Powered by Greyparrot Analyzer AI camera systems in material recovery facilities (MRFs), Deepnest relies on what the company calls the world’s most comprehensive household packaging waste database, with the Analyzers processing more than 40 billion objects annually at MRFs across more than 20 countries. Greyparrot says it currently detects $1 billion worth of recyclable materials in the streams it monitors and estimates that, if rolled out globally, its systems could uncover up to $100 billion in recyclable value every year by 2040.

Using this data, Greyparrot says Deepnest provides brands with actionable insights, generating tailored recommendations to improve packaging, from shape and color to material composition, allowing those brands to measure the real-world impact of their product innovations. Brands can use Deepnest to:

  • benchmark packaging recycling performance against competitors and category standards;
  • test and compare packaging formats within sub-brands before scaling across the full portfolio;
  • identify specific design elements that reduce recyclability in priority markets; and
  • quantify the impact of research and development (R&D) efforts, packaging innovations and circularity interventions

Greyparrot says its “ultimate ambition” is that Deepnest not only will reduce financial risk, but help brands keep much higher volumes of their recyclable materials in their own value chain.

“The term ‘waste’ is itself a misnomer,” Greyparrot co-founder Ambarish Mitra says. “Our data shows that postconsumption materials are worth billions to our global economy. For too long, brands have had to operate with little visibility into their packaging’s end of life. Empowering brands with real-world data on their products’ recyclability gives them a huge competitive advantage, which is exactly what Deepnest is designed to do. As regulations tighten and consumer demands grow, winners will be those who act on real-time insight—and can prove it.”

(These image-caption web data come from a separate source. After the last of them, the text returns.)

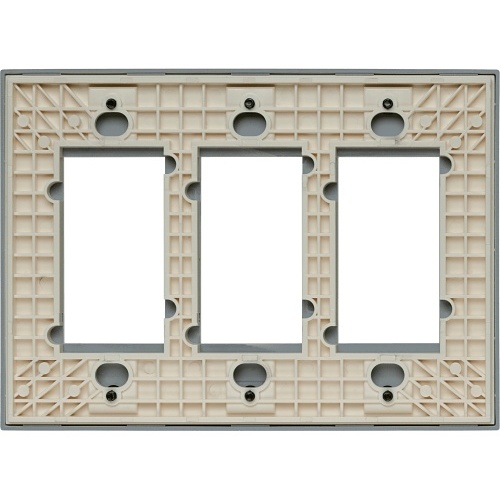 Image of VV-C4FP3CBI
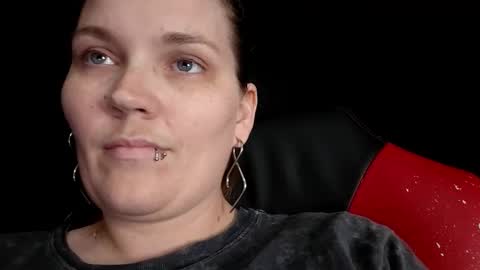 Lilly Miss Mistress Goddess Maam Queen Boss online show from May 6, 4:23 pm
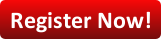 Register Now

Unilever and Amcor are some of the consumer goods brands and packaging producers trialing the technology.

“AI-enabled waste intelligence tools have great potential to provide new visibility into how packaging is actually being sorted and processed in real-world recycling systems,” says Dr. Liz Smith, global R&D head of Deodorants at Lond-based Unilever. “Our goal is to reduce our virgin plastic use and make our plastic packaging reusable, recyclable or compostable, and insights like these could critically help to inform future packaging design, enable recyclability in practice and at scale and increase the supply of high-quality recycled materials.”

Mark Roberts, circular economy director at Switzerland-based Amcor, notes that the packaging industry relies on lab-scale testing and software models to predict recyclability of packaging solutions, but actual real-life data is missing, given the resources required to get material data at scale from operating facilities. “With Greyparrot’s AI-powered waste intelligence, Deepnest is unlocking real-world recyclability data that the packaging data chain has been missing.”

Australia-based Asahi Beverages is another company trialing Deepnest. The company recently has increased its use of sustainable packaging, including switching to 100 percent-recycled plastic bottles for brands such as Pepsi Max, Solo, Schweppes and Sunkist. The company also operates Australia’s largest polyethylene terephthalate (PET) recycling facility—a joint venture with The Coca-Cola Co. and Europacific Partners, and Asahi Chief Supply Chain Officer Sandra Gibbs says the company has been looking for real-time data to help maximize its impact.

“That’s why we installed Greyparrot Analyzers to unlock operational data to improve recycling quality and output,” Gibbs says. “Deepnest can transform that data into insights to guide smarter packaging design from the outset. We’re exploring how this technology can help us embed a data-driven approach across the entire packaging life cycle, moving us closer to 100 percent circular packaging.”